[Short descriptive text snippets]
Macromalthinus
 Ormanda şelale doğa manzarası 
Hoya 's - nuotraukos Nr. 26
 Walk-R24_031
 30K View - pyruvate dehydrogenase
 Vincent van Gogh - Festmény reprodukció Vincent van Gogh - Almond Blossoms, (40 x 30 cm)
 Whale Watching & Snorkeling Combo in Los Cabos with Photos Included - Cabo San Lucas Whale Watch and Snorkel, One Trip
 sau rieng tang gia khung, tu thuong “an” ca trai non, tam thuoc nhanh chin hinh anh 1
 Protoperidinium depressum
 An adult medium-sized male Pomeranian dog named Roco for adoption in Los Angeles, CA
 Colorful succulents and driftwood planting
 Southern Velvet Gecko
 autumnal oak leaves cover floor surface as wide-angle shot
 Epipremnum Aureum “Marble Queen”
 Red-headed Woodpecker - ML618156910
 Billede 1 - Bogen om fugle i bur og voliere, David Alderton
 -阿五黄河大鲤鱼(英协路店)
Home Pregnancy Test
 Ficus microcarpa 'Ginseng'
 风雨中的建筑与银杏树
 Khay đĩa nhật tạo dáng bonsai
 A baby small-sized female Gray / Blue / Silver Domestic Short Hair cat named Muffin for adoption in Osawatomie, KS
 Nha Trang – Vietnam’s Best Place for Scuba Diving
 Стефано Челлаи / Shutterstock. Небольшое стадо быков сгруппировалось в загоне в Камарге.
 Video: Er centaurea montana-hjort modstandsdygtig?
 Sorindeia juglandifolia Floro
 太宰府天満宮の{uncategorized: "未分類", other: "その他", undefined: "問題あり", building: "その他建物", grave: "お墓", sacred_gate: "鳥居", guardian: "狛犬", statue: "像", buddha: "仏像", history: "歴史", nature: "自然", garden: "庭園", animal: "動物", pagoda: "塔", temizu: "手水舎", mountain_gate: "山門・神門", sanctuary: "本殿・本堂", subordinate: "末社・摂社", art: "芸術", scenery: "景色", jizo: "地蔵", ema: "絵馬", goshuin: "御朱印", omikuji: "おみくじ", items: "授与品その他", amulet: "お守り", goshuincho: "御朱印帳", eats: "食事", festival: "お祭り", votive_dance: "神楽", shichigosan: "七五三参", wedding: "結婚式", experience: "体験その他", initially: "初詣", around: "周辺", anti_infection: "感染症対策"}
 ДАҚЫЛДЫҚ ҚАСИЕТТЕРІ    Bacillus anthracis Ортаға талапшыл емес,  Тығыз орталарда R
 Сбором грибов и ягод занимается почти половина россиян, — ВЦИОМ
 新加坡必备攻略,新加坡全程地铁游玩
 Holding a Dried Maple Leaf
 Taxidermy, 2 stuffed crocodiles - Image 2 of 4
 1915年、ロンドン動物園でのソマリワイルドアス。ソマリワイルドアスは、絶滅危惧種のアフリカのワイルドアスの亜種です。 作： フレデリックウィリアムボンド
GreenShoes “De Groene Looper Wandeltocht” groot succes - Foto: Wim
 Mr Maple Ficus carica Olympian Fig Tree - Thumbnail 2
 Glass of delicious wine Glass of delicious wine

Problem to solve:
Using the entries above, return each line that includes the word "named".

Response:
 An adult medium-sized male Pomeranian dog named Roco for adoption in Los Angeles, CA
 A baby small-sized female Gray / Blue / Silver Domestic Short Hair cat named Muffin for adoption in Osawatomie, KS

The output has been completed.